Lines can also be decided with systems of order, such as grammar: phrases, clauses, or sentences. Spatial order is another organizational system, with lines roughly the same length. One of my longtime writing teachers, Richard Jackson, claimed he could look at a poem and determine its success based on its line length, meaning if the line breaks are wildly varied without rhyme or reason, the poet was not successful in picking a governing aesthetic to determine line length within a poem.
Outside of meter, determining where to put a line is a major choice a poet faces. Will the line breaks follow conventional grammatical rules? Will the poet use breath, grammar, or structure to organize? Will the poet disrupt a reader’s expectation about where a line gets broken?
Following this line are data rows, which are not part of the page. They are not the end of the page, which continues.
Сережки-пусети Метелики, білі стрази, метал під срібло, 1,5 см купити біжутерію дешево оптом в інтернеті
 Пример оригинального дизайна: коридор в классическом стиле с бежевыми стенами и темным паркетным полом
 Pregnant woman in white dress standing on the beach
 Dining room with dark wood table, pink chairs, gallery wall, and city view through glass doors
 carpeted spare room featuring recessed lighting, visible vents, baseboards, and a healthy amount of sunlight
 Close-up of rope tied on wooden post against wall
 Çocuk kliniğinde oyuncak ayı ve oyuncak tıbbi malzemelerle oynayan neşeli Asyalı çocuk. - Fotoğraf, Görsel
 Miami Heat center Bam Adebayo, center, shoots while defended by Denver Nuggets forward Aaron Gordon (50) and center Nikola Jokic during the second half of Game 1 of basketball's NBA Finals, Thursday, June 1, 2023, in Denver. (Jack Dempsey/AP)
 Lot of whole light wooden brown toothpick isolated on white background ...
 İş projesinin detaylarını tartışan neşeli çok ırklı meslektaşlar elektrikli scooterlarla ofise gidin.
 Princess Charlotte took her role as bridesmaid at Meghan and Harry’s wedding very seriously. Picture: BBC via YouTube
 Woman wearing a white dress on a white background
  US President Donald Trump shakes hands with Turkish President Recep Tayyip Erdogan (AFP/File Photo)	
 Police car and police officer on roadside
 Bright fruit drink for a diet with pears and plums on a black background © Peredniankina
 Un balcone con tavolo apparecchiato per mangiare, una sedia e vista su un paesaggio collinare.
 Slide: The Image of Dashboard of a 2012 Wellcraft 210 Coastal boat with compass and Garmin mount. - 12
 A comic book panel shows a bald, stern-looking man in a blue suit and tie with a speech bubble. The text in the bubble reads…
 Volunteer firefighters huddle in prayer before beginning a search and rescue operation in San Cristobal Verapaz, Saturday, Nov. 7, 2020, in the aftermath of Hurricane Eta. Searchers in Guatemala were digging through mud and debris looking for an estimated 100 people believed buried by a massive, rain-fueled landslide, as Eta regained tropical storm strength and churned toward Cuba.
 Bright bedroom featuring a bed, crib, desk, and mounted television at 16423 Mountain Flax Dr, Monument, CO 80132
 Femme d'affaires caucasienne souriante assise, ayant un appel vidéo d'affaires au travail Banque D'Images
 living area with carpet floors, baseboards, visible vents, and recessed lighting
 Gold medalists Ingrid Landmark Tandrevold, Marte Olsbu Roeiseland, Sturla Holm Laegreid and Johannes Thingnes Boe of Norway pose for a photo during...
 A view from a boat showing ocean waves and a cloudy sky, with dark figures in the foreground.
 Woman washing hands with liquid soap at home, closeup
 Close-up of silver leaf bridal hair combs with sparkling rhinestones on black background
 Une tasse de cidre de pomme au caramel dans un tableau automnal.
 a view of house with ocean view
For a quick primer on how an unexpected line break can make a poem, read “A Blessing” by James Wright (1927-1980) with special attention to how the last two lines of the poem are organized.
Like in many art forms, poetry also gains ground by subverting an audience's expectations. Gerald Manly Hopkins’ (1844–1889) notion of sprung rhythm or Emily Dickinson’s (1830–1886) poems blooming with em dashes come to mind. More contemporary methods of word processing and printing have opened up this disruption even more with concrete poetry, strikethroughs, forward slashes, landscape page orientation, and even emojis.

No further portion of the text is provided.